Masalah utama berawal dari hilangnya hutan secara masif. Habitat alami harimau tergerus perkebunan, terutama kelapa sawit. Pada 2019 saja, lebih dari 148 ribu hektare hutan lenyap. Bagi harimau, ini berarti wilayah jelajah yang semakin sempit, mangsa yang makin sedikit, dan sumber air yang hilang. Akibatnya, konflik dengan manusia makin sering terjadi. Harimau yang kehilangan rumahnya masuk ke desa, menyerang ternak, bahkan dalam kasus tertentu melukai manusia. Dalam 15 tahun terakhir tercatat lebih dari seribu konflik manusia dan harimau.
Di tengah situasi itu, perburuan ilegal semakin memperparah keadaan. Harimau diburu bukan untuk makan, tapi untuk pasar gelap internasional. Alat yang paling mematikan adalah jerat kawat, yang tak hanya menjerat harimau, tapi juga satwa mangsanya. Dalam dua tahun, lebih dari 3.000 jerat ditemukan oleh tim konservasi. Penegakan hukum yang lemah membuat rantai perburuan ini terus berlanjut.
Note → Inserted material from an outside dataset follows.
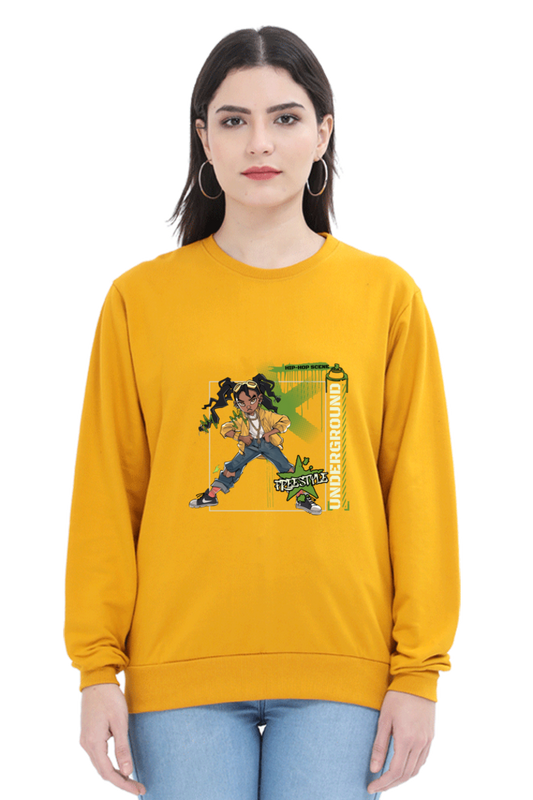Nimus Women |UNDERGROUND| Sweatshirt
Namun di tengah ancaman itu, secercah harapan muncul lewat inovasi. Teknologi kini menjadi senjata baru konservasi. Dengan kombinasi antara kecanggihan digital dan dedikasi para penjaga hutan, harimau sumatera masih punya peluang untuk bertahan. Tiga teknologi utama yang mulai banyak dipakai adalah drone & satelit, kalung GPS, dan kamera jebak berbasis kecerdasan buatan (AI camera).
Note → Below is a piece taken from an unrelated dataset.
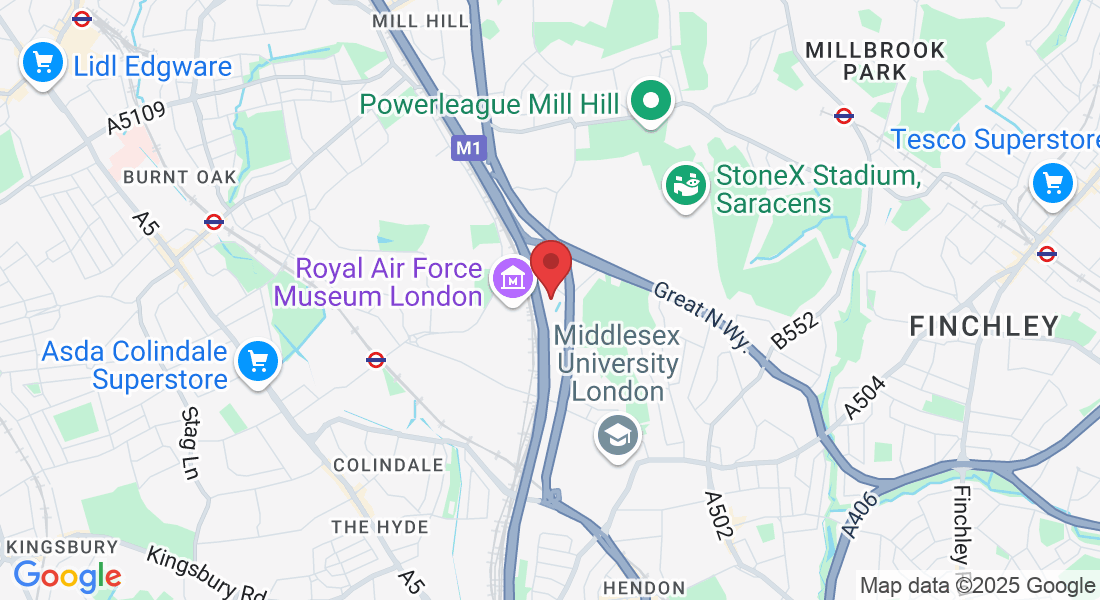 1A Hall Ln, Mill Hill, London NW4 4TJ, UK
Mata dari Langit: Drone dan Satelit
Bayangkan hamparan hutan tropis Sumatera yang luas dan sulit dijangkau manusia. Dulu, memantau ribuan hektare hutan butuh waktu berbulan-bulan dengan berjalan kaki. Kini, dengan drone dan satelit, peta hutan bisa dipantau hampir seketika.
Satelit beresolusi tinggi mampu menangkap perubahan tutupan hutan dari waktu ke waktu. Ketika ada lahan terbuka baru, tim konservasi bisa segera tahu apakah itu deforestasi legal atau perambahan liar. Data ini sangat krusial, karena hutan yang hilang berarti habitat harimau ikut menyusut.
Drone menambah detail yang tidak bisa ditangkap satelit. Dengan kamera beresolusi tinggi, drone bisa terbang rendah memantau aktivitas manusia di hutan, seperti pembalakan liar. Ada juga drone dengan sensor termal yang mampu mendeteksi panas tubuh, berguna untuk menemukan titik api kebakaran sebelum menjalar luas. Teknologi LiDAR yang dipasang pada drone bahkan bisa memindai hutan dalam bentuk 3D, membantu merencanakan reforestasi yang lebih tepat.
Contohnya di Taman Nasional Kerinci Seblat, kawasan konservasi terbesar di Sumatera. Drone digunakan untuk mendeteksi pembukaan lahan ilegal. Dengan data citra udara, petugas bisa bergerak cepat menuju lokasi, dibanding menunggu laporan manual yang sering terlambat. Bahkan, beberapa LSM konservasi bekerja sama dengan perusahaan teknologi untuk menyediakan akses citra satelit gratis bagi pemantauan hutan kritis.